Away from stocks, the dollar was a bit weaker, as were bonds, and oil was a touch higher. The metals snapped back, led by silver, which gained 4% to gold's 1.5%.

Would That Be a Glass-Steagall Ceiling, Perchance?

There really isn't a whole lot more to say about the inexorable daily financial decay of Europe, as the slow-motion train wreck continues to unfold. George Soros wrote an op-ed in today's Financial Times in which he argued that the ECB ought to put a ceiling on where bond yields could trade. It occurs to me that if they put enough lipstick on that pig of an idea and called it some sort of temporary measure, perhaps the ECB governing council (which only has two Germans out of 23 voters) might be able to see its way clear to using such a ruse to stop the sovereign debt meltdown. I'm not saying they will, but it is something they could try.

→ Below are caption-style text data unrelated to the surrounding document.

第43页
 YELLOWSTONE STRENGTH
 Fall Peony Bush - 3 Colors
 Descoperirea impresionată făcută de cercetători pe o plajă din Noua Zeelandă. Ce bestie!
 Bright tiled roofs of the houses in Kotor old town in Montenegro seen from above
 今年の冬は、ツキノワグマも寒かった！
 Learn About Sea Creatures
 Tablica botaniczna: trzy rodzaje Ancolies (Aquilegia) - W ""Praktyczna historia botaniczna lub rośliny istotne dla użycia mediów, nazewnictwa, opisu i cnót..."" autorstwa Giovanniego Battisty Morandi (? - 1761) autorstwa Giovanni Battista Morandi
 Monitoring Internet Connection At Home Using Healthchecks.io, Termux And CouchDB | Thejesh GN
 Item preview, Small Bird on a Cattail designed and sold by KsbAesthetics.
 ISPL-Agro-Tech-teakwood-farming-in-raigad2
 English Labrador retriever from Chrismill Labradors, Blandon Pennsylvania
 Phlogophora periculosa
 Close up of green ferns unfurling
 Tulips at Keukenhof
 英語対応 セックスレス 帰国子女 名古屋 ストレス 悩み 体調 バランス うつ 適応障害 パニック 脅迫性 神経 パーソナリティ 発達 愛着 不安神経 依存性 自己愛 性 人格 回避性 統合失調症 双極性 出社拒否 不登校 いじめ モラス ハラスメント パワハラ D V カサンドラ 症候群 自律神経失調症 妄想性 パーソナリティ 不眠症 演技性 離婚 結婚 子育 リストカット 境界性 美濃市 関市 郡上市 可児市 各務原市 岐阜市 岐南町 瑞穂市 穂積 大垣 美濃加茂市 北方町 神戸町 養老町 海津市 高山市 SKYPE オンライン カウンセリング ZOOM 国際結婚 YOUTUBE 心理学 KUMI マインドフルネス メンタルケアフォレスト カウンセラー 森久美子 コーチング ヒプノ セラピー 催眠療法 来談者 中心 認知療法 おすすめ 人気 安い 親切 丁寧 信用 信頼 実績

I still believe that the ECB will find a way to print more aggressively, though -- as I have noted before -- the longer they wait, the dicier the whole process becomes. There is virtually no chance that the euro as we have no known it will survive, because if printing does occur the Germans almost certainly will begin plans to leave. Not that that would be such a bad idea, as the whole concept that all these countries with all their differences could ever work together in difficult times has always been a fallacy.